## PROBLEM DETAILS
The task calls for the lines below from the line with "Prodej bytu 3+1, 74 m² - 6" to the line with "Axe de ressort", both ends included, copied exactly, without any pictures.

··· SUPPLIED DATA

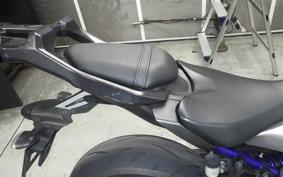 YAMAHA MT-07 RM07J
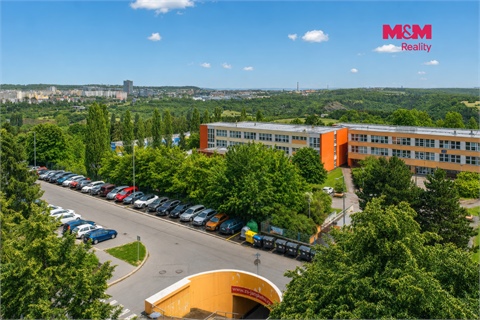 Prodej bytu 3+1, 74 m² - 6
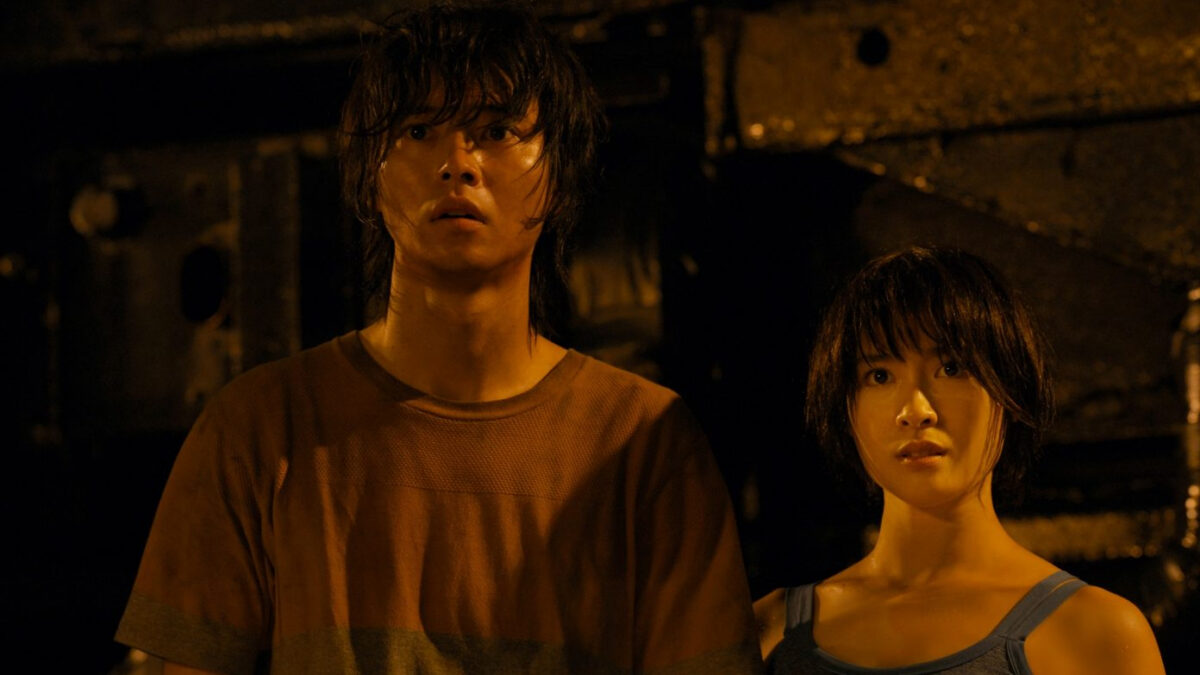 Alice in Borderland, la seconda stagione su Netflix dal 22 dicembre: il trailer ufficiale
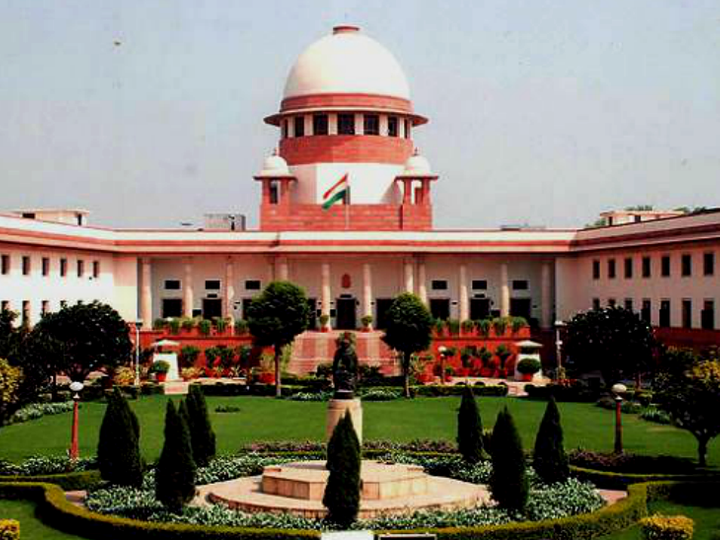 SC Reverse Verdict on Retrospective Green Clearances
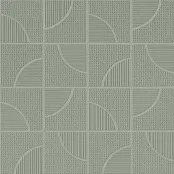 ATLAS CONCORDE APLOMB LICHEN MOSAICO ARCH MATT A6SN 32X32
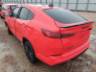 2026 FIAT FASTBACK 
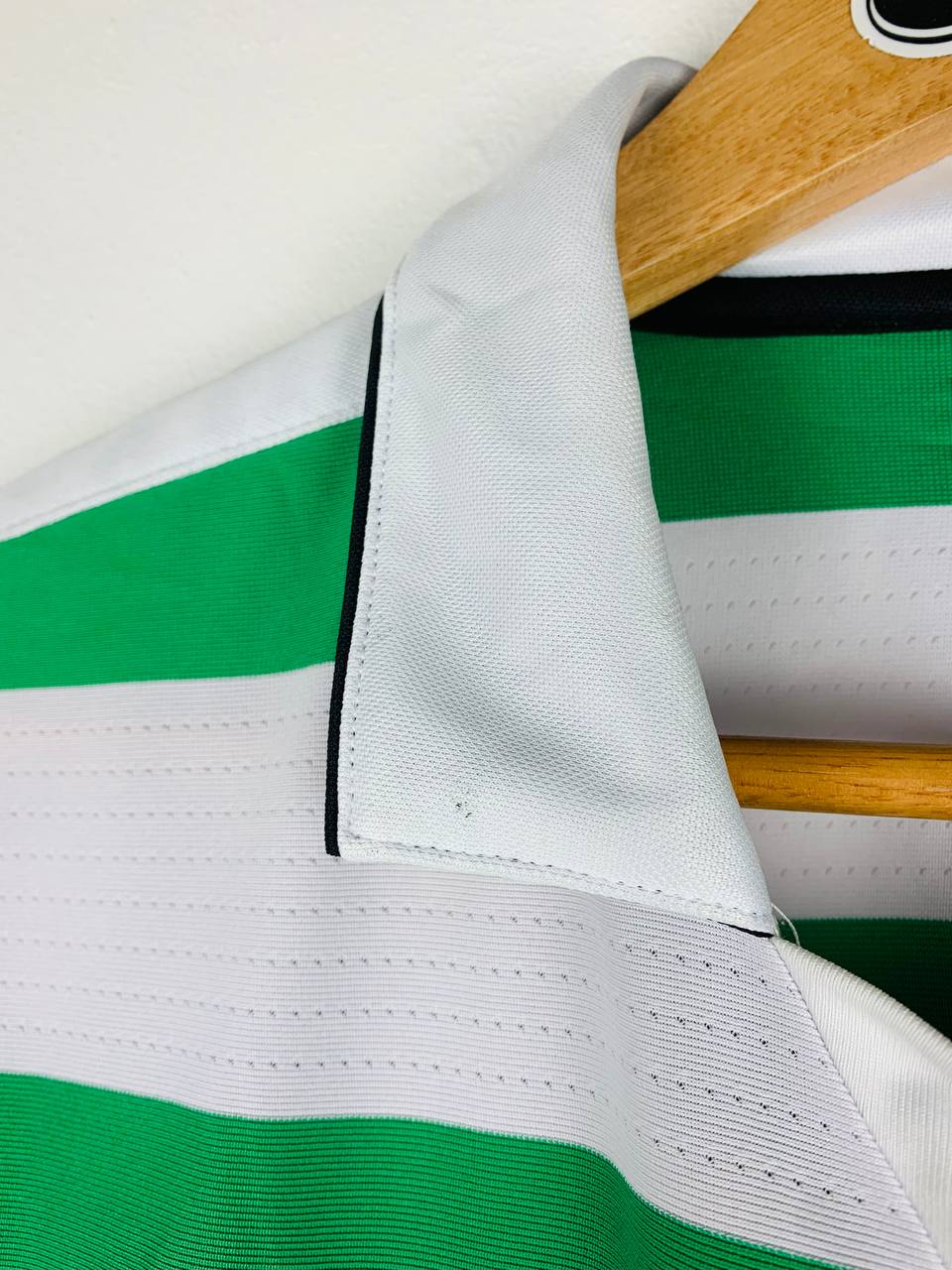 CELTIC 2004/2005 HOME SHIRT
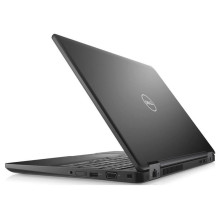 Kompiut Latitude 5590 IC i7 16 / 512 GB, 15.6" juoda atnaujin Kompiut Latitude 5590 IC i7 16 / 512 GB, 15.6" juoda atnaujin
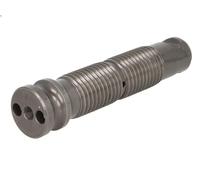 Axe de ressort DT SPARE PARTS 2.61200 pour VOLVO FM7 7.284 1998-2001
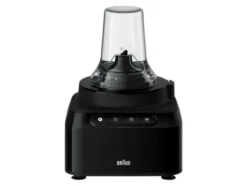 Küchenmaschine schwarz »FP3132BK«, 800W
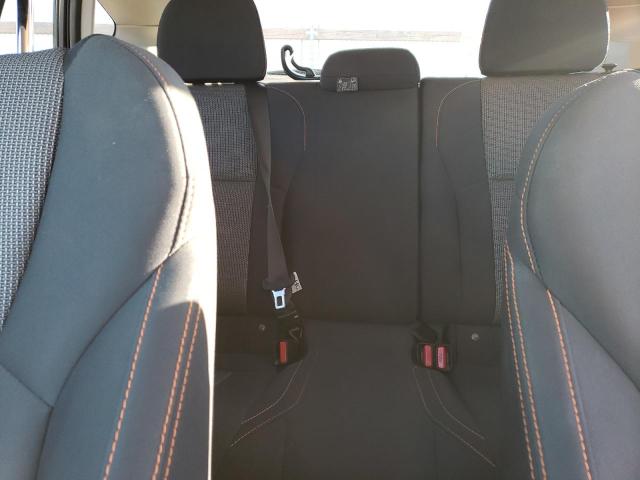 Photo 10 from auction – 2023 SUBARU CROSSTREK with VIN JF2GTAPC0PH241288
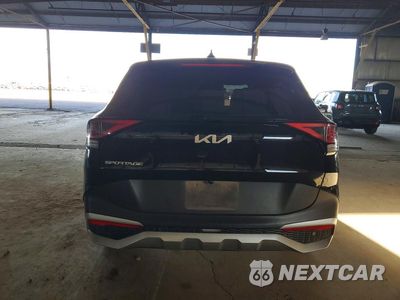 Zdjęcie 6 z 12 samochodu: 2024 KIA SPORTAGE EX VIN:5XYK33DF7RG179998 - miniatura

······

## FINISHED TASK
 Prodej bytu 3+1, 74 m² - 6
 Alice in Borderland, la seconda stagione su Netflix dal 22 dicembre: il trailer ufficiale
 SC Reverse Verdict on Retrospective Green Clearances
 ATLAS CONCORDE APLOMB LICHEN MOSAICO ARCH MATT A6SN 32X32
 2026 FIAT FASTBACK 
 CELTIC 2004/2005 HOME SHIRT
 Kompiut Latitude 5590 IC i7 16 / 512 GB, 15.6" juoda atnaujin Kompiut Latitude 5590 IC i7 16 / 512 GB, 15.6" juoda atnaujin
 Axe de ressort DT SPARE PARTS 2.61200 pour VOLVO FM7 7.284 1998-2001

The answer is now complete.